**Collected data**
--------

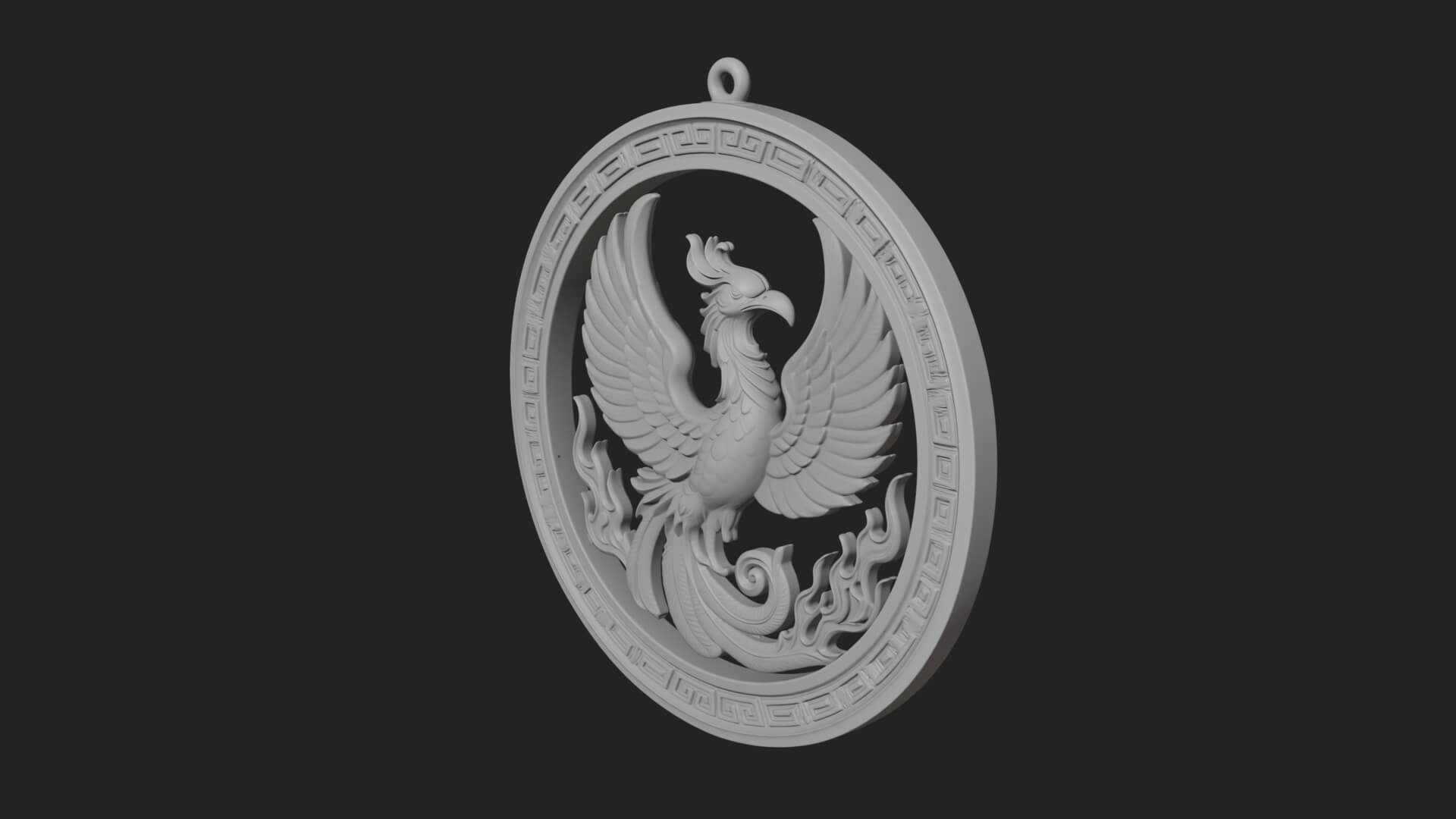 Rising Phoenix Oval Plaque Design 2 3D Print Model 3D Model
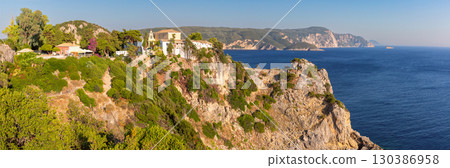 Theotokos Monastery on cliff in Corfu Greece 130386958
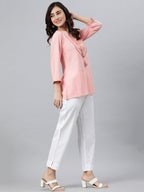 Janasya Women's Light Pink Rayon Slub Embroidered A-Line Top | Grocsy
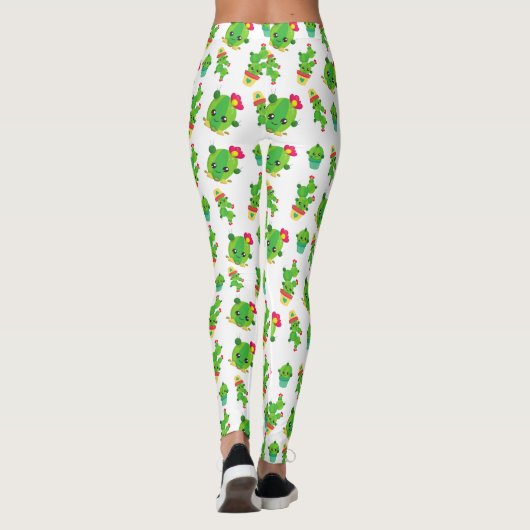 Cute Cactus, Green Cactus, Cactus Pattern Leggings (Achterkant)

--------

**Task to complete**
Everything in the listing should be repeated exactly except the pictures.

**Solution**
 Rising Phoenix Oval Plaque Design 2 3D Print Model 3D Model
 Theotokos Monastery on cliff in Corfu Greece 130386958
 Janasya Women's Light Pink Rayon Slub Embroidered A-Line Top | Grocsy
 Cute Cactus, Green Cactus, Cactus Pattern Leggings (Achterkant)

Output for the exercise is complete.